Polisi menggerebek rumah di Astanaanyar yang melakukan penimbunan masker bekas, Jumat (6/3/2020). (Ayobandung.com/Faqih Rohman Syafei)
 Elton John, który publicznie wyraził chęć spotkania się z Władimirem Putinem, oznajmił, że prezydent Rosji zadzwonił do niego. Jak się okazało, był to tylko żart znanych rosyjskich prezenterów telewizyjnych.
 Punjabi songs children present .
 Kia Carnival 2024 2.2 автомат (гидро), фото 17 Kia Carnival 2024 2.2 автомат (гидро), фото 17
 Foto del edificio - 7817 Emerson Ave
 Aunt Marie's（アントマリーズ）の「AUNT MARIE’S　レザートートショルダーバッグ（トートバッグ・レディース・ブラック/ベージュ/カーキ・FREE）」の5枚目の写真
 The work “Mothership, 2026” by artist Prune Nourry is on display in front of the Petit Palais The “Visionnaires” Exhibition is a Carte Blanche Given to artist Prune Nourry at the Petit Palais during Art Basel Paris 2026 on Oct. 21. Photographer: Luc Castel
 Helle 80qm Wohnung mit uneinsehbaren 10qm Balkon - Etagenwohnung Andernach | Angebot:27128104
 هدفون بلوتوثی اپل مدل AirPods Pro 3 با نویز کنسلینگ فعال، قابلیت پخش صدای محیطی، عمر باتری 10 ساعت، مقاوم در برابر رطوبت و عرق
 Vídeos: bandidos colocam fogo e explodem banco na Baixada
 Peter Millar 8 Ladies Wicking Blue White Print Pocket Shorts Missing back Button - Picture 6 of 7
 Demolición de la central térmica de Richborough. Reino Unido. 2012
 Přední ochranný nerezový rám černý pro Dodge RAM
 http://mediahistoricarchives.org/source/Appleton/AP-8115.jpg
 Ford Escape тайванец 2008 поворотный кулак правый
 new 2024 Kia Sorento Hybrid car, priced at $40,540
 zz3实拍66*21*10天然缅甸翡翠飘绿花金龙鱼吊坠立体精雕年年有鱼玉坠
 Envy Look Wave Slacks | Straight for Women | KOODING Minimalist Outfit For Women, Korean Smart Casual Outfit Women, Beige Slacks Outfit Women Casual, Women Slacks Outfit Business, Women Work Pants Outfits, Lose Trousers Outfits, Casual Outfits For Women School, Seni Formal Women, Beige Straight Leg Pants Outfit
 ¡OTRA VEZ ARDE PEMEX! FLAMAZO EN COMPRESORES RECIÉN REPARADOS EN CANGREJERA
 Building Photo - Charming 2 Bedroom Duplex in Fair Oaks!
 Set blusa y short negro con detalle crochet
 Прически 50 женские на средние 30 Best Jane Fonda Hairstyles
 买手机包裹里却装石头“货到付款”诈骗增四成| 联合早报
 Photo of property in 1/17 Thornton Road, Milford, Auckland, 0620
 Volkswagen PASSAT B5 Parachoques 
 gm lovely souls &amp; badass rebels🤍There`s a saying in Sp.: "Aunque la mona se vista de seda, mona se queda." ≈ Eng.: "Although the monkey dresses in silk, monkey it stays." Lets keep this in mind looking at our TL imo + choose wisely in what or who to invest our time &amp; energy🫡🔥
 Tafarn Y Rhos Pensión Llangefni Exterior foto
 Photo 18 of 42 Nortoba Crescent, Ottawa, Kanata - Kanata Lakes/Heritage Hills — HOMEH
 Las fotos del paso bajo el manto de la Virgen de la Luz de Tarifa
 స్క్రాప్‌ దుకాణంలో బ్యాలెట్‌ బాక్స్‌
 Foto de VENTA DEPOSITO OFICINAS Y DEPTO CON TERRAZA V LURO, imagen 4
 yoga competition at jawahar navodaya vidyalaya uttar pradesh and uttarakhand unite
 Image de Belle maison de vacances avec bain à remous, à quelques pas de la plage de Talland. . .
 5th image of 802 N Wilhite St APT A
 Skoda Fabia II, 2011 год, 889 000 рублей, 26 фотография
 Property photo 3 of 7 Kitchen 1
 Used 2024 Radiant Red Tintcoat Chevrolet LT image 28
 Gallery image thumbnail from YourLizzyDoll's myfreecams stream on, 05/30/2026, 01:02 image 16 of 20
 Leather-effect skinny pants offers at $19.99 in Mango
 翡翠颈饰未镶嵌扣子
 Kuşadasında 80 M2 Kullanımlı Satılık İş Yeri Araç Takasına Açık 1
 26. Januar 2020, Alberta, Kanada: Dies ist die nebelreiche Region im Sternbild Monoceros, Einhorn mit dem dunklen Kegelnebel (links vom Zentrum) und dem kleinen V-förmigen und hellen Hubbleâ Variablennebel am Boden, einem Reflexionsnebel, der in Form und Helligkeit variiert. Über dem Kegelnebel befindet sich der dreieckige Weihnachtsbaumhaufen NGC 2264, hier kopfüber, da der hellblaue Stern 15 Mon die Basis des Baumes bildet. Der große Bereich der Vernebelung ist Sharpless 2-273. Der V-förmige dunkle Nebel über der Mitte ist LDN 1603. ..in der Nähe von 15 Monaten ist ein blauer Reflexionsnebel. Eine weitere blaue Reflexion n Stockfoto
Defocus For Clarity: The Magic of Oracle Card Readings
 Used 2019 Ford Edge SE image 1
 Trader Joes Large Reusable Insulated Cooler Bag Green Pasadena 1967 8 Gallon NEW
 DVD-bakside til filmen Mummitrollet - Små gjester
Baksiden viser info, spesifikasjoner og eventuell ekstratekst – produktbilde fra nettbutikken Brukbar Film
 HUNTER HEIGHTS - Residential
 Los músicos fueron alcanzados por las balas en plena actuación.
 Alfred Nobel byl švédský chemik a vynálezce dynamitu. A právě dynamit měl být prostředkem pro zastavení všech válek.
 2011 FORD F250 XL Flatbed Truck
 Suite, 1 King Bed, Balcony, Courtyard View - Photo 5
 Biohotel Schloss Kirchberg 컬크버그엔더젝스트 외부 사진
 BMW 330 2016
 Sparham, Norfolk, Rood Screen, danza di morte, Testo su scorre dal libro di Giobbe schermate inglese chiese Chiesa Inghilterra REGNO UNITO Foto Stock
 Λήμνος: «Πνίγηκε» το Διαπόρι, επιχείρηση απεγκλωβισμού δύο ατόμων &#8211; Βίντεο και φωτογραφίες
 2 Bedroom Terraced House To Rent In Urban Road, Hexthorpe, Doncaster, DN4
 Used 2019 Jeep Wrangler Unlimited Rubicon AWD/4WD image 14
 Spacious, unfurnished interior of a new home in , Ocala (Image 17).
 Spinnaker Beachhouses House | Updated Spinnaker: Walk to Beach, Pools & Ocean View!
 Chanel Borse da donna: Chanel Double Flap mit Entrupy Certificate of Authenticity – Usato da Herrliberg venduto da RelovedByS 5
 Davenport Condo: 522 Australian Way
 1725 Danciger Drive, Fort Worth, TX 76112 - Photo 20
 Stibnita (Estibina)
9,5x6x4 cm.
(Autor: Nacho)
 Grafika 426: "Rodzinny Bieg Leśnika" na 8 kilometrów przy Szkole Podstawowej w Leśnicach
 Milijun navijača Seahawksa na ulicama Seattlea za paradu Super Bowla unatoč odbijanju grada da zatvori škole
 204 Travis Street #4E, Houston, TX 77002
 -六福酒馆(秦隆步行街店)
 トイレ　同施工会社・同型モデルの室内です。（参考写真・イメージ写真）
------------------------------------------------------------------------
[Work task] Report how many lines in the records above contain the word "View", giving only the number.

[Expected answer] 2